The past few years have seen American companies practically stampede to the border in an effort take advantage of lower rates elsewhere. The top U.S. corporate rate is 35 percent. In Ireland, for example, it is just 12.5 percent.
At least 21 U.S. companies have announced plans to invert since the start of 2012, according to a tally kept Bloomberg News. Among the brands planning to pull up stakes are Chiquita, the banana giant, and Mylan, which makes generic drugs.
One company, the drugstore giant Walgreen, considered and then abandoned a planned inversion earlier this month as part of its takeover of the Swiss company Alliance Boots, after it faced significant public backlash.
The chief executive of Mylan recently told a New York Times columnist that she had no choice but to invert as part of a buyout of a company in the Netherlands. But this argument isn't especially convincing. That's because the U.S. tax code is so riddled with loopholes that very few companies pay anything near 35 percent. Companies like General Electric, Google and Apple have whiz-bang tax departments that have mastered the art of tax avoidance, often by routing income through low- or no-tax jurisdictions, like Bermuda.
In 2010, profitable U.S. corporations paid an effective rate of less than 13 percent, according to the Government Accountability Office, a nonpartisan arm of Congress.

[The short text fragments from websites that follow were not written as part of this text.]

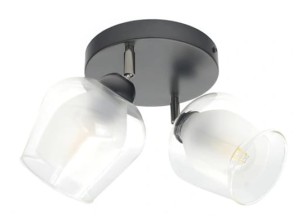 Lampa sufitowa plafon czarna lub biała szklane podwójne mleczne klosze dzwonki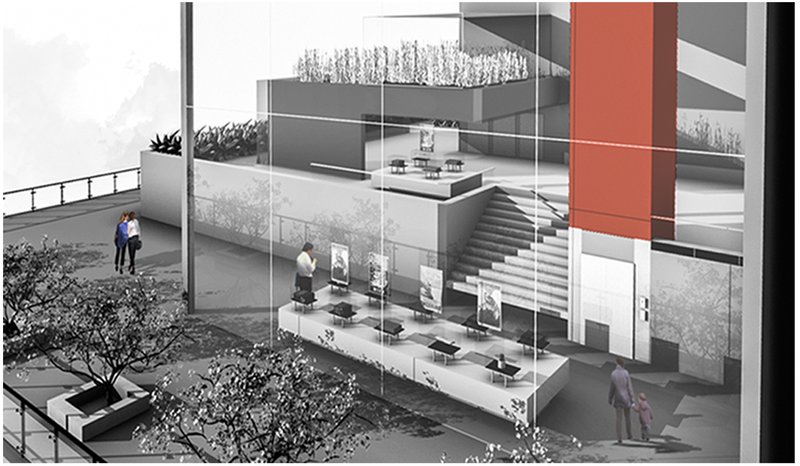 Interactive public zone with educational exhibits, rooftop gardens, and farm-to-table terraces integrated in vertical tiers.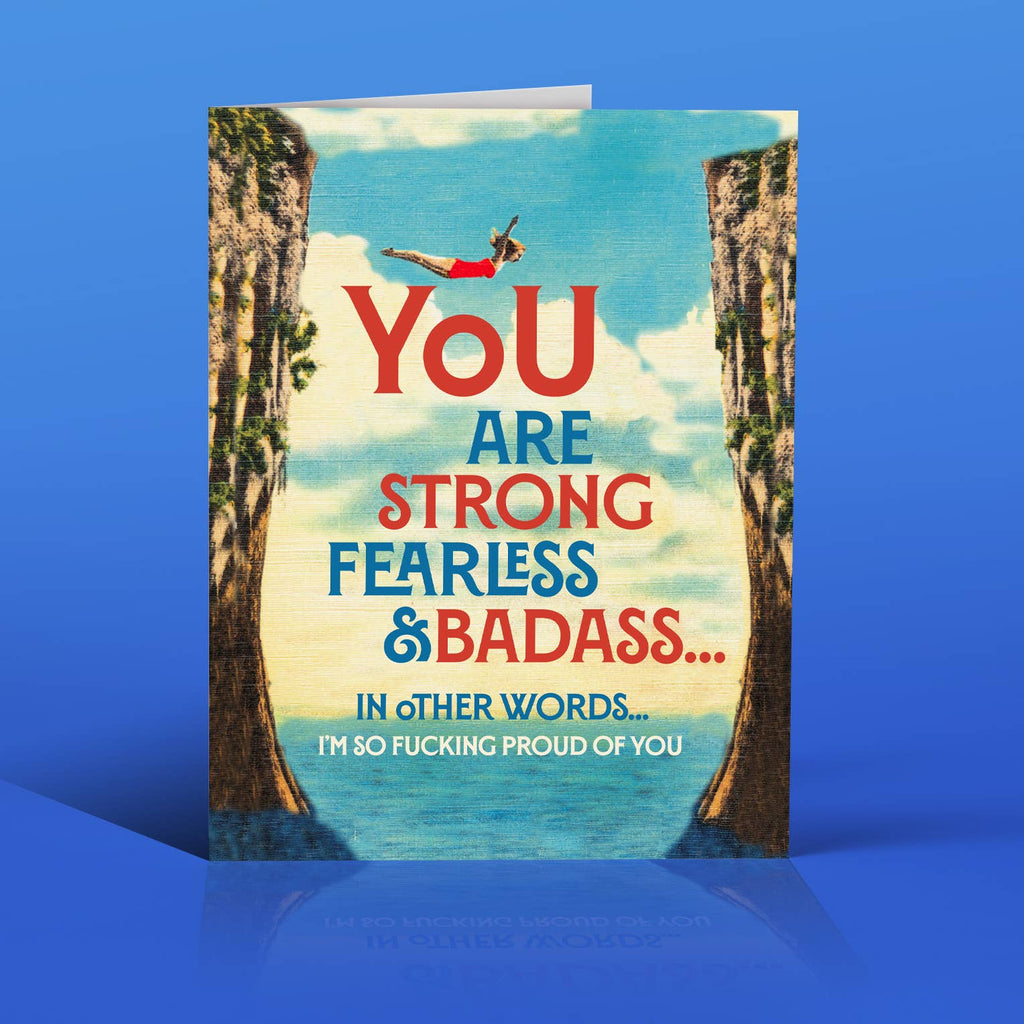 STRONG FEARLESS BADASS encouragement card – Realia By Jen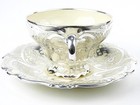Rosenthal Silver Overlay Cup Saucer Rococo Style Antique Porcelain Germany Rare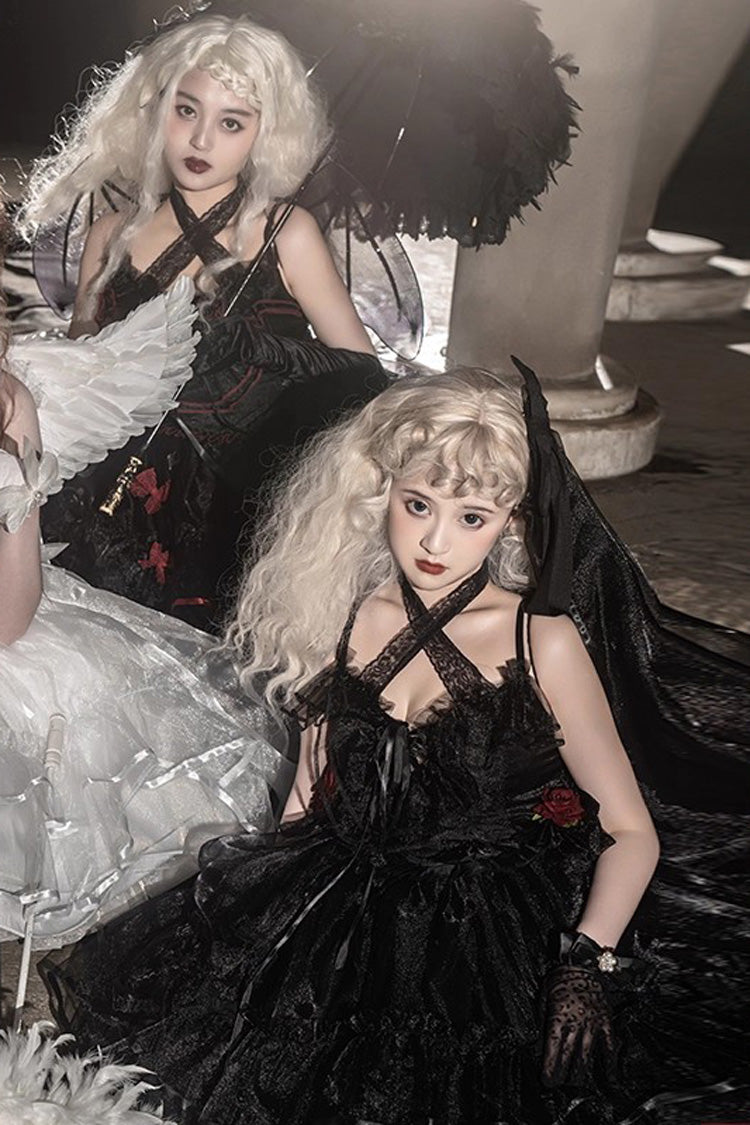 [Seven Deadly Sins] Sleeveless Double-Layered Ruffle Hanayome Bowknot Lace Gothic Plus Size Lolita Jsk Dress 3 Colors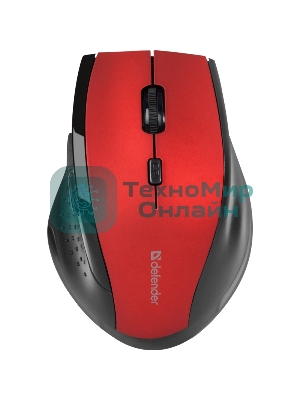 Мышь беспроводная Defender Accura MM-365 красный, 1600 dpi, радиоканал, USB, кнопки - 6
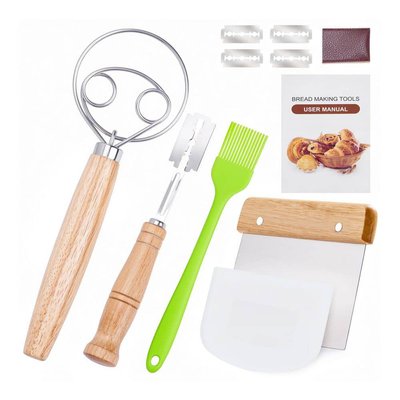 Anqtovp 5-Piece Stainless Steel Bread Making Tools Set with Dough Whisk, Bread Lame, Bench Scraper, Bowl Scraper & Pastry Brush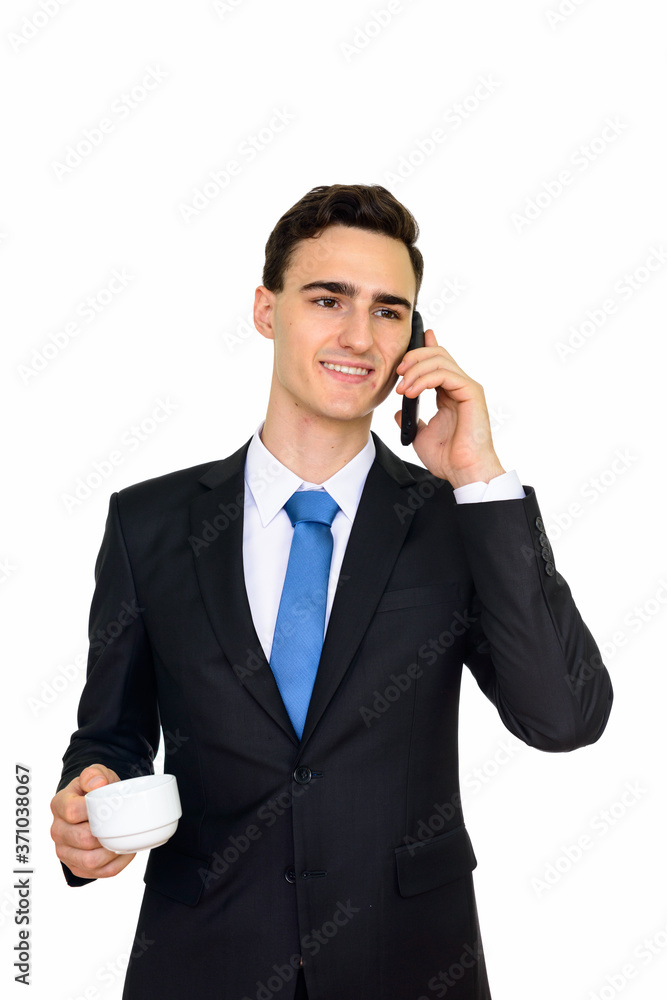 Portrait of happy young handsome businessman in suit Portrait of happy young handsome businessman in suit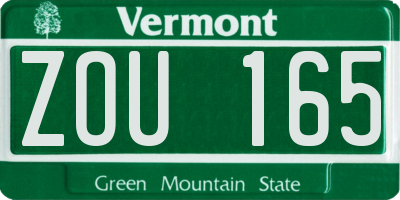 VT license plate ZOU165
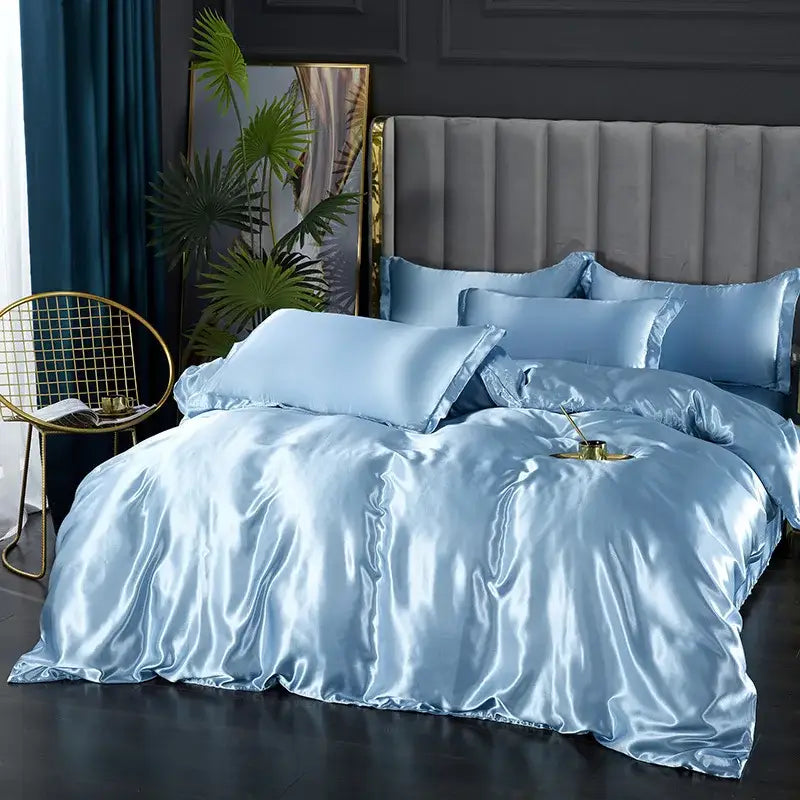 Emerald green luxurious satin duvet cover bedroom bedding set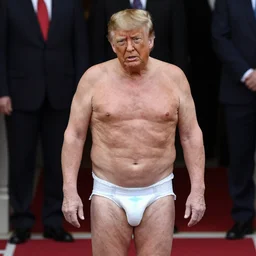 Donald Trump wearing nothing but a diaper during inauguration
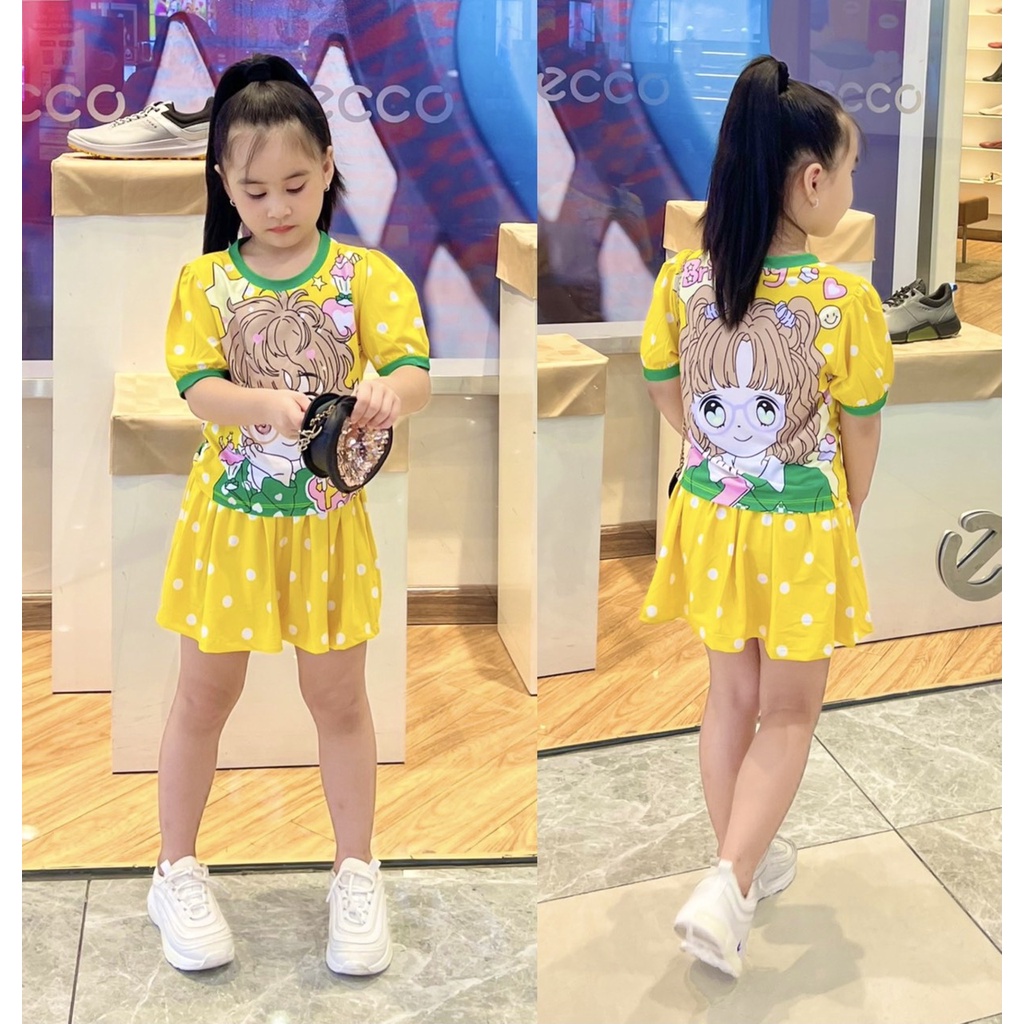 Set Áo Váy bé gái thun lạnh 3D in hoạt hình siêu dễ thương , Váy đâm đẹp cho bé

But in the world of tax avoidance, as in life, there are haves and have-nots. Tech and drug companies have all sorts of ways to shift earnings abroad and make tax bills lower. Companies that sell a lot of physical things in the U.S. -- such as hamburgers -- typically pay a much higher rate, because it is harder to disguise those sales as foreign income. Inversions won't solve this tax problem altogether, but they do give businesses a basket of new tax avoidance options.
The Walgreen inversion, for example, could have allowed the company to slash its tax rate by as much as 15 percent, equating to savings of billions of dollars. Burger King's projected tax savings, according to initial news reports, would be smaller, though it is too early to say for sure how much.
In 2013 the company deposited $88 million in government coffers, at an effective tax rate of about 27 percent, according to filings. (That's lower than the top rate because the company doesn't pay domestic taxes on burgers sold abroad. Burger King is huge in Germany, as it turns out).
But even if Burger King's tax savings add up to no more than a few million dollars a year, by corporate standards, it is easy money. Completing an inversion is primarily a function of filing the right paperwork. Company executives can stay put at headquarters in Miami. They can become Canadian without even buying a winter coat.